## Task to complete
The stretch wanted below opens at the line containing "Michael Kors Stainless" and closes at the line containing "Elegant Blue Floral". Please return it exactly, with no other lines.

## Data supplied
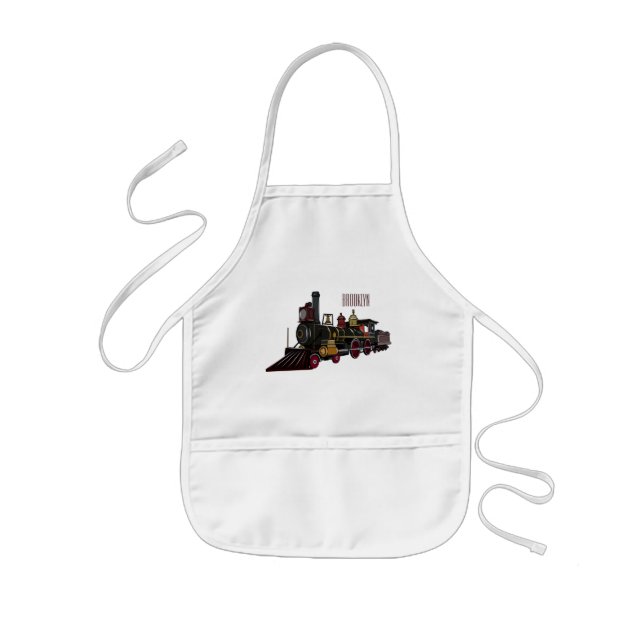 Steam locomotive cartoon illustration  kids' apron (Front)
--
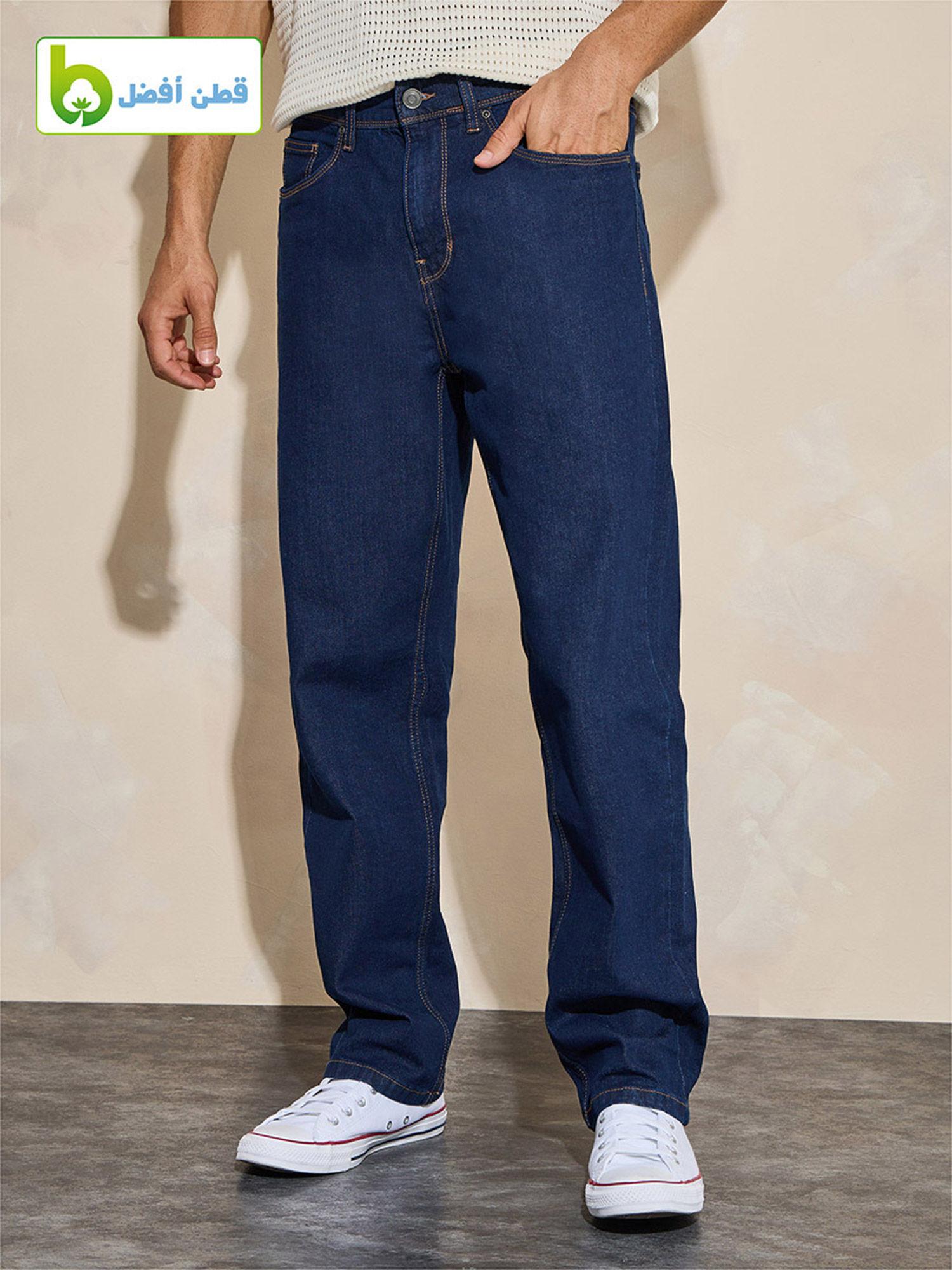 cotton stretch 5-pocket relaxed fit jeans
* * *
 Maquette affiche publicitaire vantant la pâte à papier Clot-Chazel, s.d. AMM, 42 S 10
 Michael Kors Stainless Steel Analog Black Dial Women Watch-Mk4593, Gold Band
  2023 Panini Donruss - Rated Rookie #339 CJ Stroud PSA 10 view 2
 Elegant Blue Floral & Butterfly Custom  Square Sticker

## Answer to this exercise
 Michael Kors Stainless Steel Analog Black Dial Women Watch-Mk4593, Gold Band
  2023 Panini Donruss - Rated Rookie #339 CJ Stroud PSA 10 view 2
 Elegant Blue Floral & Butterfly Custom  Square Sticker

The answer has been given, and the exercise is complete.